__EXERCISE BRIEF__
The entries are to be written out word for word, with their images left out.
□ □ □ □
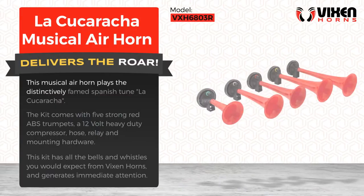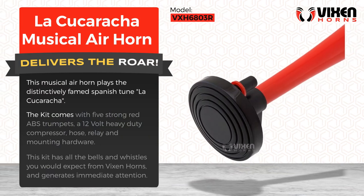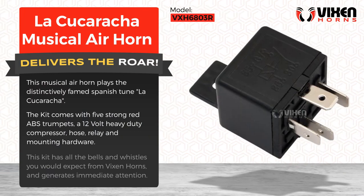This musical air horn plays the distinctively famed Spanish tune La Cucaracha. The kit comes with five strong red ABS trumpets, a 12-volt heavy-duty compressor, hose, relay, and mounting hardware.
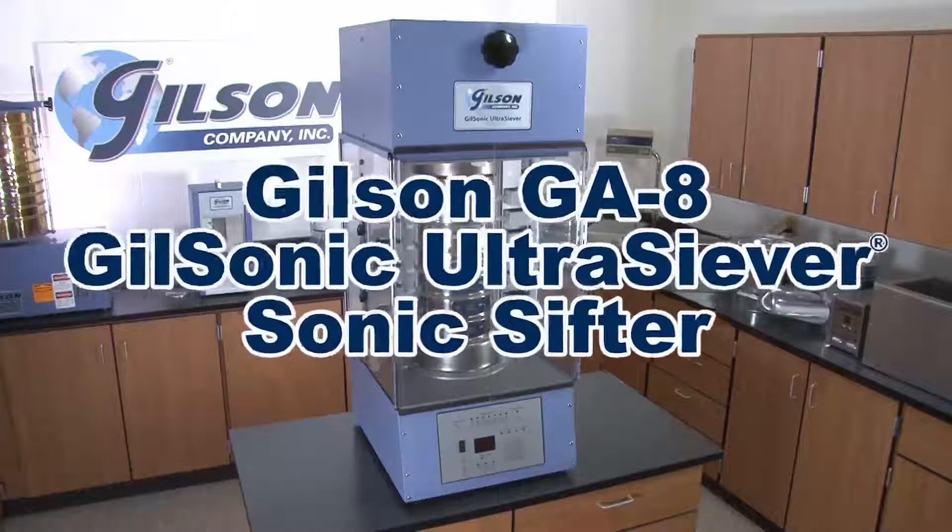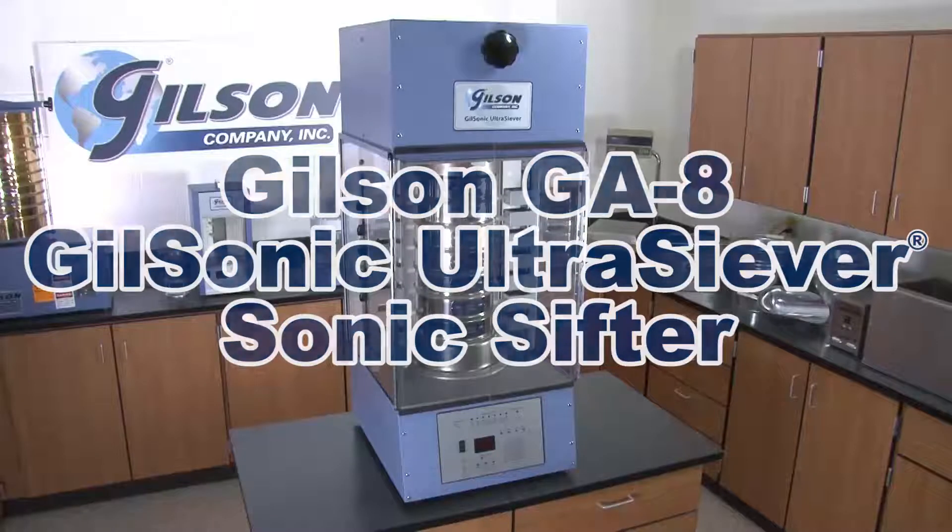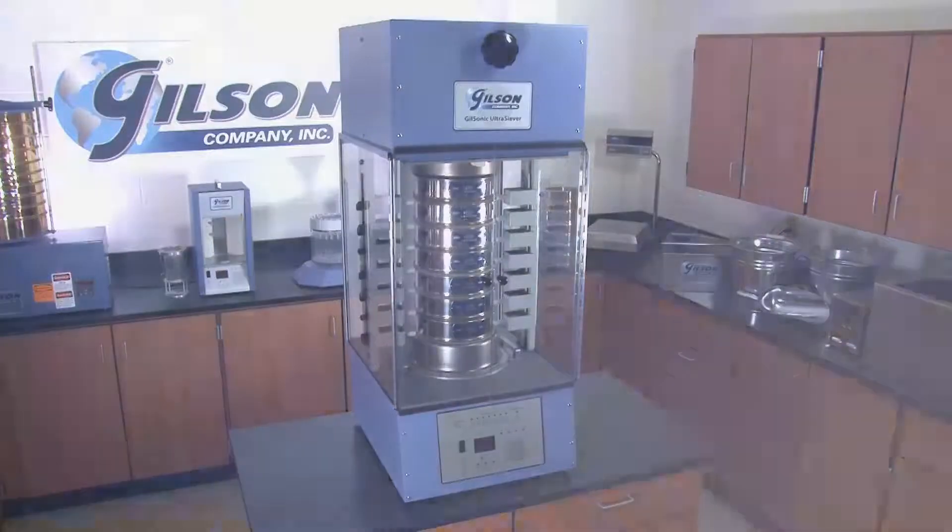The Gilsonic Ultrasiever Sonic Sifter for fast, accurate, and repeatable particle separations.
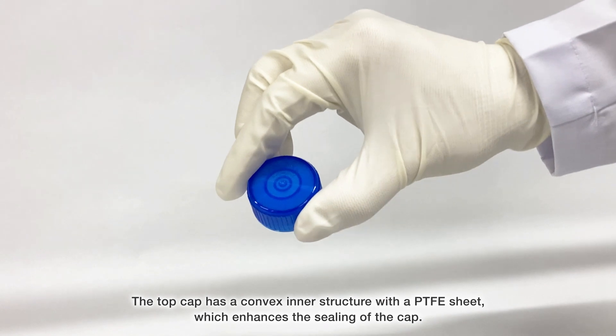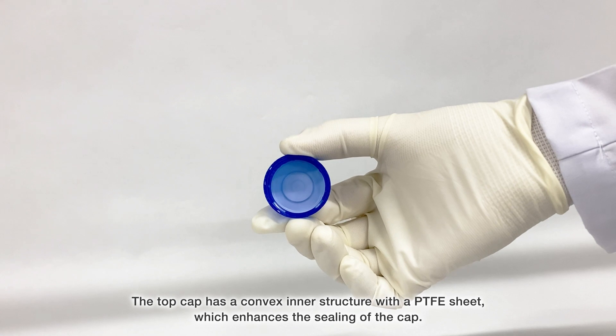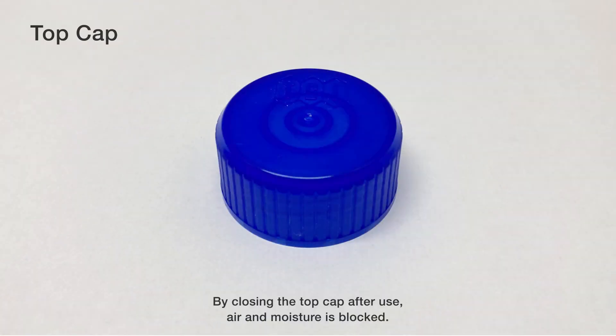The top cap has a convex inner structure with a PTFE sheet, which enhances the sealing of the cap. By closing the top cap after use, air and moisture are blocked.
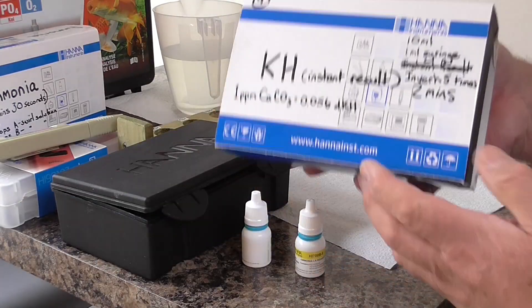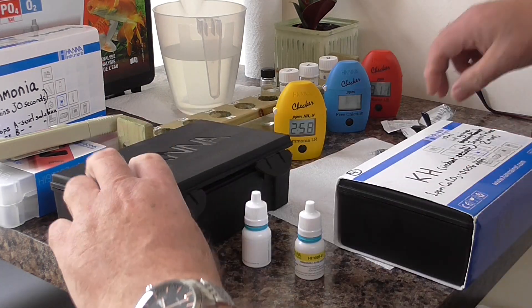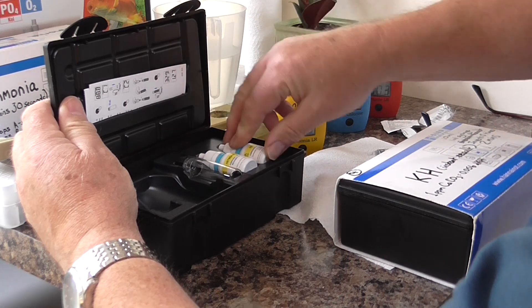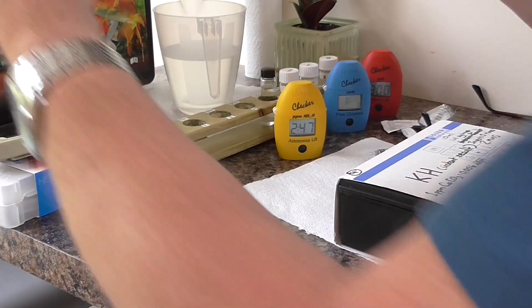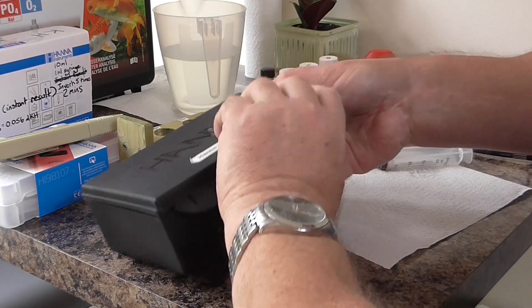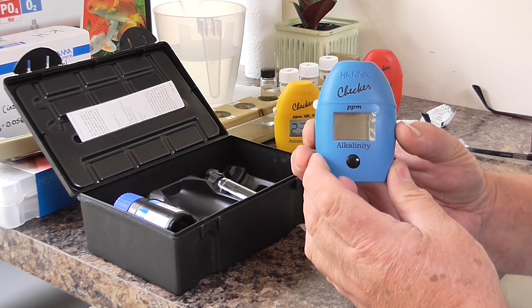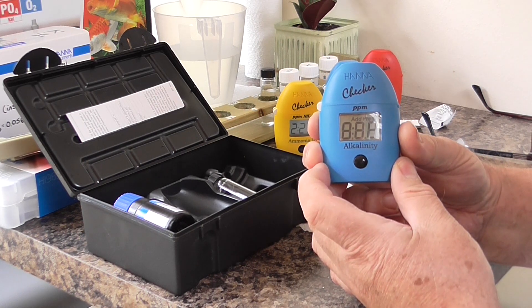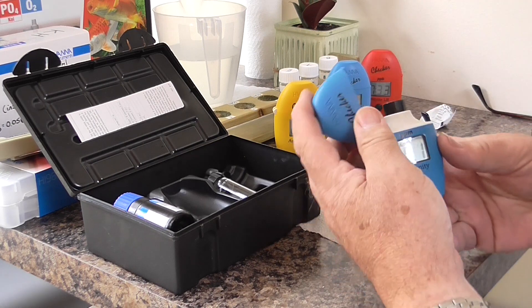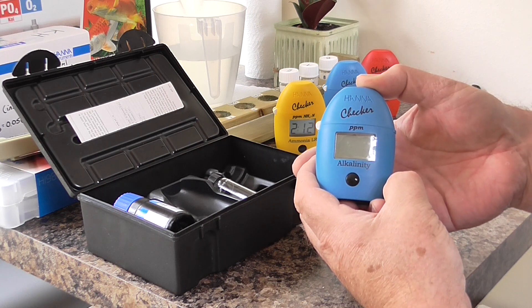On to the last, which is for KH or alkalinity. The checker reads alkalinity in parts per million. Switch that on and it's waiting for the pond water. Put the clear pond water in, shut the top, press the button, and wait until it tells us C2.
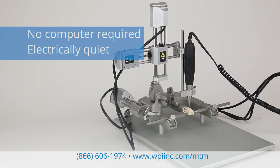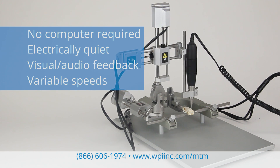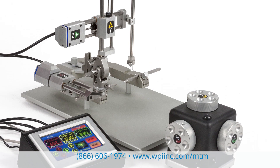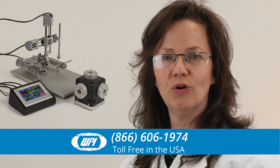The MTM3 is electrically quiet. It has visual and audio indicators with each axis and variable speeds. The MTM arm may be added to your existing frame. The MTM3 simplifies your surgical needs — you can count on it for precise, repeatable movements time after time. For manual or programmed movements, the MTM3 puts the ultimate control in your hands.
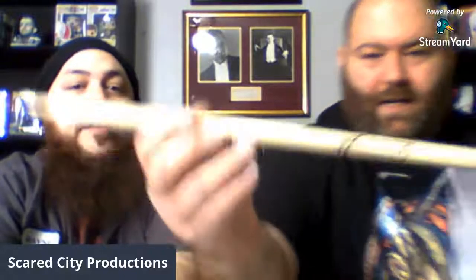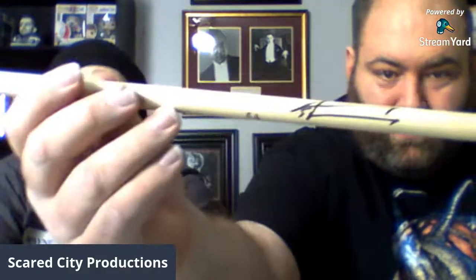I like Five Finger Death Punch and this was signed by Jeremy Spencer, the drummer - and it's JSA certified. This box was forty dollars and this drumstick is the main reason why I bought it. I wonder if this is actually the brand of sticks he uses - Smack. Now that's a good stick.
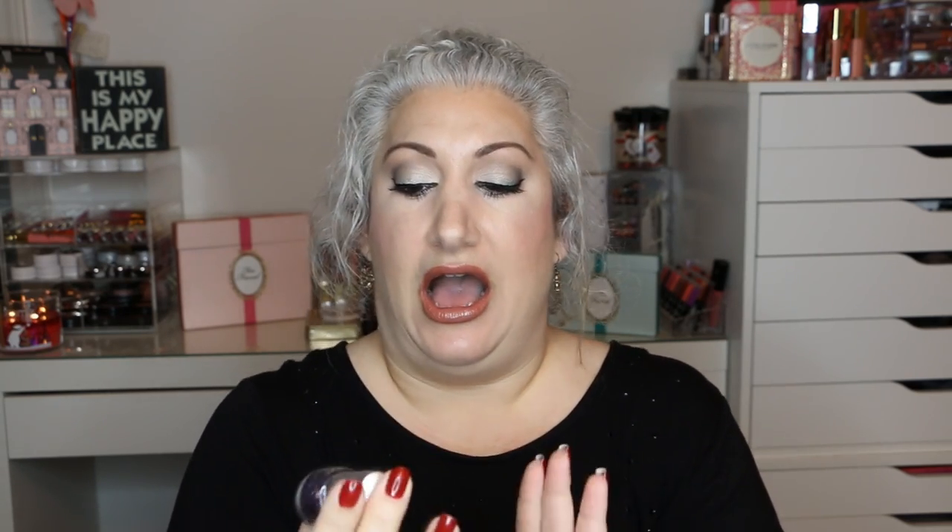The last one is by China Glaze in the color Marry a Millionaire. I'm not too crazy about this. I did use it on its own and it was alright. I'm going to try it again in February as a topcoat over a colored nail polish and see if I like it better that way. The reason I want to keep it is I really don't have too many like this with little glittery pieces. I think I only have maybe one or two others similar, and I really do like purples and silvers, so I'll give it another chance.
□ □ □ □
__ANSWER BOX__
This musical air horn plays the distinctively famed Spanish tune La Cucaracha. The kit comes with five strong red ABS trumpets, a 12-volt heavy-duty compressor, hose, relay, and mounting hardware.
The Gilsonic Ultrasiever Sonic Sifter for fast, accurate, and repeatable particle separations.
The top cap has a convex inner structure with a PTFE sheet, which enhances the sealing of the cap. By closing the top cap after use, air and moisture are blocked.
On to the last, which is for KH or alkalinity. The checker reads alkalinity in parts per million. Switch that on and it's waiting for the pond water. Put the clear pond water in, shut the top, press the button, and wait until it tells us C2.
The MTM3 is electrically quiet. It has visual and audio indicators with each axis and variable speeds. The MTM arm may be added to your existing frame. The MTM3 simplifies your surgical needs — you can count on it for precise, repeatable movements time after time. For manual or programmed movements, the MTM3 puts the ultimate control in your hands.
I like Five Finger Death Punch and this was signed by Jeremy Spencer, the drummer - and it's JSA certified. This box was forty dollars and this drumstick is the main reason why I bought it. I wonder if this is actually the brand of sticks he uses - Smack. Now that's a good stick.
The last one is by China Glaze in the color Marry a Millionaire. I'm not too crazy about this. I did use it on its own and it was alright. I'm going to try it again in February as a topcoat over a colored nail polish and see if I like it better that way. The reason I want to keep it is I really don't have too many like this with little glittery pieces. I think I only have maybe one or two others similar, and I really do like purples and silvers, so I'll give it another chance.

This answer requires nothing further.